Target Tracking of UUV Based on Maximum Correntropy High-Order UGHF
Kai Zhang, Hongjian Wang, Honghan Zhang, Naifu Luo, Jingfei Ren
Abstract
Underwater target tracking with signal propagation delay is a major challenge. The widely-used unscented Gauss-Helmert filter (UGHF) algorithm shows good tracking performance in bearing-only filters with signal propagation delay. However, UGHF algorithm is a nonlinear filtering method based on 2-order unscented transformation (UT), which can only match the accuracy of the 3-order Taylor expansion term of Gauss-Hermite model (GHM). Moreover, UGHF is a Gaussian filter, and when the measurement noise presents non-Gaussian characteristics, the tracking accuracy will be reduced.
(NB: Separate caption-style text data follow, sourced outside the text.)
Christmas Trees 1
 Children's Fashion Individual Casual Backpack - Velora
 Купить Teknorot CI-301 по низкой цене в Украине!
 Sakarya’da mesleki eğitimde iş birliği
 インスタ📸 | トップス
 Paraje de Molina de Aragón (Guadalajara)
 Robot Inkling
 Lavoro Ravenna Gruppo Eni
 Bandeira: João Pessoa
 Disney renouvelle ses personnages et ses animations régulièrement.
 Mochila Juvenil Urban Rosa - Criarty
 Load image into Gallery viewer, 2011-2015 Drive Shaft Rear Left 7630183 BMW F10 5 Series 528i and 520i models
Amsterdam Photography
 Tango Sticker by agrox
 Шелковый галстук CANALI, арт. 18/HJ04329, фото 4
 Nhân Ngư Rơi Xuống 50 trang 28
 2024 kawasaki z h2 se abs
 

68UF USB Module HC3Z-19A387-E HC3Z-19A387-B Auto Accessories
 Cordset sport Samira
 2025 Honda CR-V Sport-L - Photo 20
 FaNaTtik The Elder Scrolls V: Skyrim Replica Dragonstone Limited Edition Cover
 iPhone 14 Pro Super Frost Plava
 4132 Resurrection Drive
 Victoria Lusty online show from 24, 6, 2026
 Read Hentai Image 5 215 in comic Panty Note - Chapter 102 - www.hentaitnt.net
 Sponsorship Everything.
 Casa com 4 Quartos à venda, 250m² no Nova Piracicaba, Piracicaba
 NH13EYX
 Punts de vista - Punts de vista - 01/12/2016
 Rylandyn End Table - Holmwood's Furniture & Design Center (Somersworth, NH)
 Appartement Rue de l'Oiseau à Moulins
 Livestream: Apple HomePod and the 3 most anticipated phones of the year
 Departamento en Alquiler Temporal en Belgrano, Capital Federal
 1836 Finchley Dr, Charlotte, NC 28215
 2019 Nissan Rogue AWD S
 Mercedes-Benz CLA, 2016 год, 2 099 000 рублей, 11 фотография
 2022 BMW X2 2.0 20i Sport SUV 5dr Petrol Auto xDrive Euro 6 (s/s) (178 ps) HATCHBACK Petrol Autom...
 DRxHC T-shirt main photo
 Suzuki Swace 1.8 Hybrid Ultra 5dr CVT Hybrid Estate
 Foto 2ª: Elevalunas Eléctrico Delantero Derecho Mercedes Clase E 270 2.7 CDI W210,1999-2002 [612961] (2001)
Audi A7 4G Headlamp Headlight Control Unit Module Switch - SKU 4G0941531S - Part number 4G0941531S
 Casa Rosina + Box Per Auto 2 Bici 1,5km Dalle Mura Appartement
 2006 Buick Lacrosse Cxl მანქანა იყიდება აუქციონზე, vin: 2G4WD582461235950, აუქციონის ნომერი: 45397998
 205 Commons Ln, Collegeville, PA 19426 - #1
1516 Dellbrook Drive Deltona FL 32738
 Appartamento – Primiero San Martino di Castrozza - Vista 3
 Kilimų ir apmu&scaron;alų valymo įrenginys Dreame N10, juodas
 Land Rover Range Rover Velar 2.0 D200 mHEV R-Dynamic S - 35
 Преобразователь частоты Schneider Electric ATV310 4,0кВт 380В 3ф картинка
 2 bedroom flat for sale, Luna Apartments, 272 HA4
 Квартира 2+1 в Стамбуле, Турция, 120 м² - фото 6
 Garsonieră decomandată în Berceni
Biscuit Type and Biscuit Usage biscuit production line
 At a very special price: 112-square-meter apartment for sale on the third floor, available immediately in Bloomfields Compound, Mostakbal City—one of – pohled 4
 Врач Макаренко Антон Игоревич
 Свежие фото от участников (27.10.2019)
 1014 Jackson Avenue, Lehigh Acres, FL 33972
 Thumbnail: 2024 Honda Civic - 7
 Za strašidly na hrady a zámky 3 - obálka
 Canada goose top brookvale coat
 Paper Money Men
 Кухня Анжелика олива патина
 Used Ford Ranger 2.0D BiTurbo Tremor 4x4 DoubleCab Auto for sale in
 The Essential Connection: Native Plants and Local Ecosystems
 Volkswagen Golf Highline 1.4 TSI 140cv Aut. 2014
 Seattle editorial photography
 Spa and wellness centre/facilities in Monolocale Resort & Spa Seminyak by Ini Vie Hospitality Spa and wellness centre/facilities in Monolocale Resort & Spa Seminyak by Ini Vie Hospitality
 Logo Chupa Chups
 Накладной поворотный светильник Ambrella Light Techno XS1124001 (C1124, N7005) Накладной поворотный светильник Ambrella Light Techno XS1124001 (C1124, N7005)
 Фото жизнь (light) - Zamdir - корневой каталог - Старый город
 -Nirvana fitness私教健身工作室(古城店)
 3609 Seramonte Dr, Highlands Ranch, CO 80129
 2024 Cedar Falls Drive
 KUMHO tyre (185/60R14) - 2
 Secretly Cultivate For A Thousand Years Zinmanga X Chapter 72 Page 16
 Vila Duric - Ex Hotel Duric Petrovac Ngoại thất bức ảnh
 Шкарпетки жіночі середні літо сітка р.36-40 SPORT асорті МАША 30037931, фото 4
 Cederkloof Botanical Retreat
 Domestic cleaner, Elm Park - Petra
In order to improve the tracking accuracy of underwater bearing-only target, this paper proposes a high-order UGHF (HOUGHF) algorithm using high-order UT instead of 2-order UT. In order to further improve the tracking accuracy of the tracking algorithm under non-Gaussian noise, in this paper, maximum correntropy criterion (MCC) is used to replace the original minimum mean square error (MMSE) to update HOGGHF’s posterior estimation. The maximum correntropy HOGGHF (MCHOGGHF) algorithm is proposed by using MCC based on Gaussian kernel function. At the same time, in order to deal with the change of measurement noise, a method of adaptive Gaussian kernel width is presented. Simulation and sea trial results show that the two algorithm are superior to UGHF algorithm and MCHOGGH algorithm is superior to HOGGHF algorithm in estimation accuracy under non-Gaussian noise.